Back about a million years ago, long before I got with the hot wife, I was dating this very nice girl who asked me, shyly and with some hesitation, if I would take her to Outback Steakhouse. I was planning on taking her someplace very expensive, but Outback Steakhouse? Cool – when I was a kid, the Outback Steakhouse of the ‘70s, Sizzler, was a family treat. I could get a blooming onion and save a few bucks – a win-win! So, I took her to Outback Steakhouse and she loved it. She was in heaven. She was a lot like the Republican Party – the world’s cheapest date.
Which brings us to the case of John Fetterman and the occasional Democrats who we Republicans swoon over because they are not completely insane and they don’t seem to hate us. That’s enough to make some of us swoon.

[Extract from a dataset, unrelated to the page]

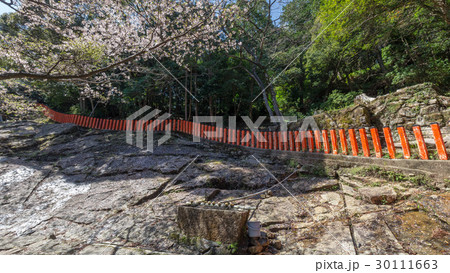 春の神倉神社 30111663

The current Republican infatuation with John Fetterman is just that – an infatuation. Infatuations are neither reasonable nor rational. They’re emotional, and we Republicans tend to get emotional about this kind of rare Democrat. But we shouldn’t be emotional. The guy is a leftist. He’s a very dedicated progressive who believes in a lot of stuff we don’t believe in. But he does agree with us on some issues, and they tend to be sensible stuff – especially since he has recovered from his health issues. He thinks it’s probably a good idea to send illegal alien rapists and murderers back to their Third World hellholes. Outside of Washington, DC, this is not controversial. Inside Washington, DC, you can get over 150 Democrats to vote against the idea. He also sides with Israel over the semi-humans of Hamas. Again, opposing these particular rapists and murderers is not controversial beyond the Beltway, only inside it and in the deep recesses of the blue cities and college campuses. His embrace of these concepts shows a baseline of sanity that you don’t see with regular Democrats, though he also goes in for trans nuttiness, DEI, and the redistribution of the means of production to the workers.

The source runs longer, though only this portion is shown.